For our pilot project that studies leadership in open source developers, the tool can ingest email documents in their html format; it can ingest the Atlas-ti exported XML representation of the coders' annotations, with the corresponding codebook of codes; and it can reconcile the text representations to get annotated text, which we represent in the LAF (Linguistic Annotation Framework) standard. We have implemented a User Interface (UI) for the social science researcher to manage the annotated documents and the presumably many more unannotated documents that they wish to analyze.
In the UI, the researcher can ask the system to learn a model from a selected group of annotated documents and to see resulting precision and recall for each of the codes and a confusion matrix showing which codes are correctly and incorrectly predicted for each other. The researcher can then apply this model to unannotated documents.
Our most recent milestone is to complete the verification part of the UI. Applying the model to unannotated documents results in a Machine Learned (ML) annotation consisting of the sentences of the documents labeled by the predicted codes of the ML model. The verification UI allows the researcher to verify these predictions. In our design, the researcher reads through the sentences predicted for a particular code and clicks on either "Yes" (the prediction is correct), "No" (the prediction is wrong), "Don't know" (allowing the researcher to punt) or "Don't code" (indicating that the text is extraneous junk and should not have any codes applied to it). The researcher can also click on the individual sentences, and the entire document pops-up in a window so that they can read the sentence in context if that is required in order to decide if the code is correct.

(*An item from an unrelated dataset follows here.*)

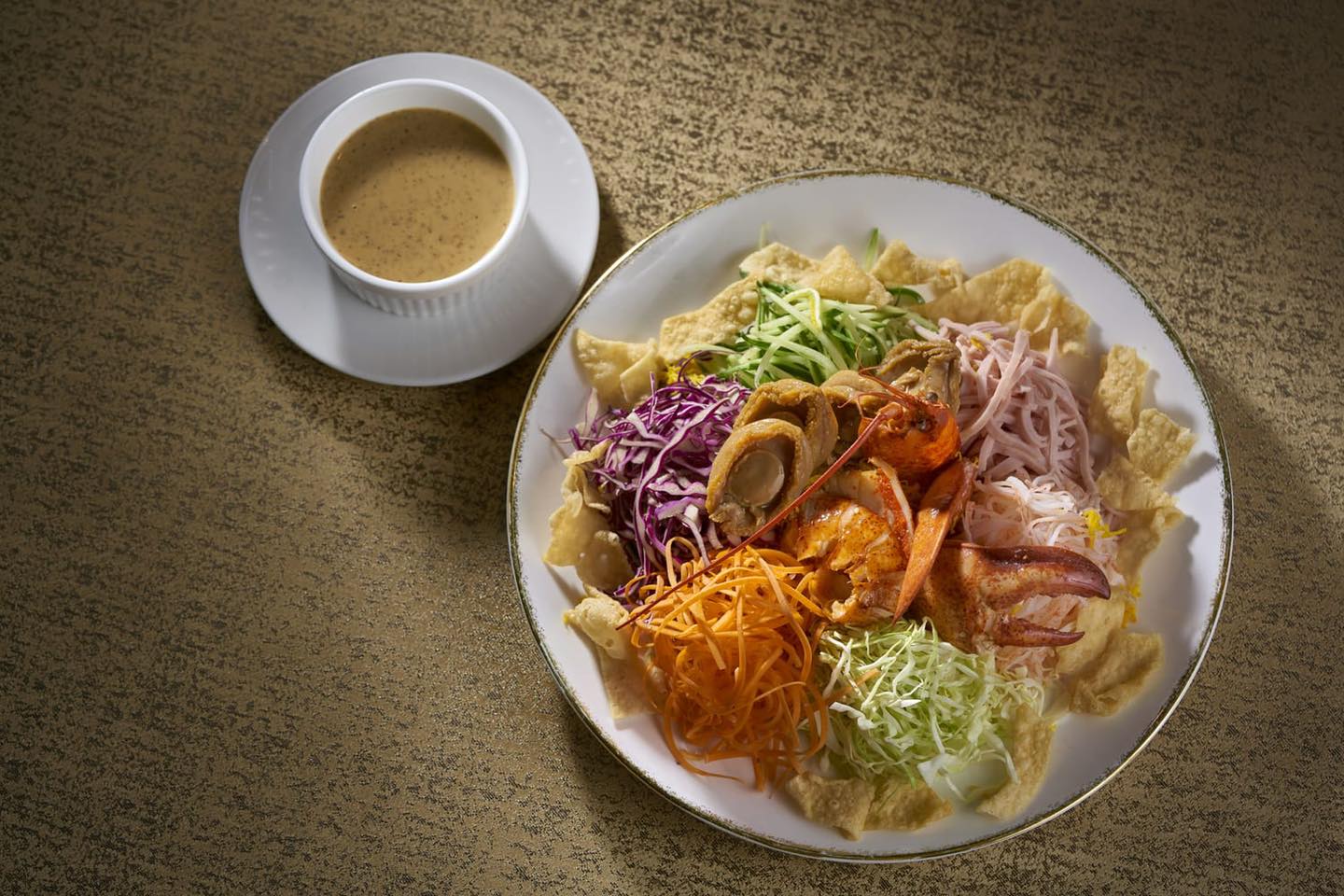 撈起係傳統農曆新年嘅食物，寓意「越撈越旺」、「風生水起」。 帝苑軒... - The Royal Garden 香港帝苑酒店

The design of the UI reflects the second of our two strategies for the researcher to respond to the results of the model on the annotated data. The first strategy is that the result of applying the model to a particular code may have unsatisfactory performance due to the small numbers of examples, e.g. in our pilot project, there were codes for which there were fewer than 5 examples in the annotated text. In this case, we use the strategy of active learning in which we will ask the researcher to provide more annotated examples on their own.
The second strategy is that if the model achieves reasonable performance, we have tuned that performance to give high recall, which means that we try not to miss any possible predicted codes. The penalty to high recall is low precision, which means that the model is over-optimistic and labels far too many sentences as having a predicted code.
Our initial experience is that this strategy is workable for the researcher. Even if the researcher has to read through 100 sentences and found only 3-4 that were correctly predicted, that this was much faster than for the researcher to continue annotation on their own, reading through documents in their entirety.
Going forward, we will continue to experiment with this strategy. The results of the human verification will be fed back into the model as what we are calling "silver" data. Like "gold" data, it contains annotations judged correct by humans, but unlike gold data, the silver data does not contain completely annotated documents, as the human researcher has not read through all the documents, only corrected the sentences which had predictions. As we continue with this, we will keep track of the accuracy in the model and the researcher time to achieve that accuracy.